Driving north from San Francisco yesterday I had an opportunity to gaze at the waters between San Francisco and the Marin Headlands, just before sunset. I imagined this place was given the name "Golden Gate" because San Francisco was the gateway to the gold fields during the 19th century California Gold Rush, but I had a simultaneous feeling the name may have preceded gold fever--that this view of the straits bathed in golden light was the source of the name.

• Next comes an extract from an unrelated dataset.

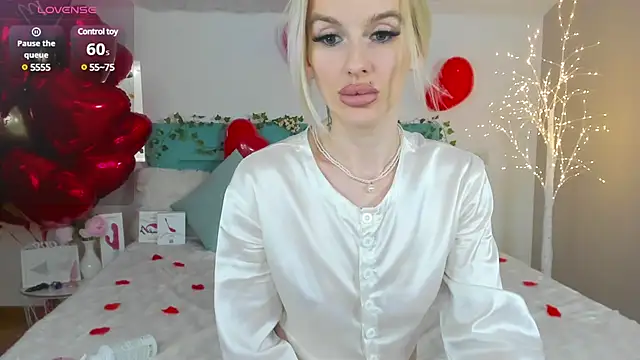 Lana kitty   online show from 02-17-25, 11:00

Naturally, I looked it up. According to the website of the Golden Gate Bridge Highway & Transportation District, it was Captain John C. Fremont who gave the strait its name, the name we now associate more closely with the bridge across the strait, but he is said to have been inspired not by the view at sunset (or yet-to-be-discovered gold), but by the potential for trade with the East that San Francisco's harbor seemed to represent. He is quoted in 1846 calling the strait "a golden gate to trade with the Orient." According to the same source, the name first appeared in print "in Fremont's Geographical Memoir, submitted to the U.S. Senate on June 5, 1948" [sic--no doubt 1848 was intended]. So, gold, meaning the potential rewards of trade, but surely this view and then the Gold Rush--shortly after Fremont spoke about trade potential--have played a role in associating San Francisco forever with gold. In any case, the name seems wholly appropriate when you see the water gilded by the sun like this, just as golden brown, dormant grasses--in summer the main feature of our natural landscape--seem justification enough for calling California The Golden State.

The bridge, at my back, was visible through light fog.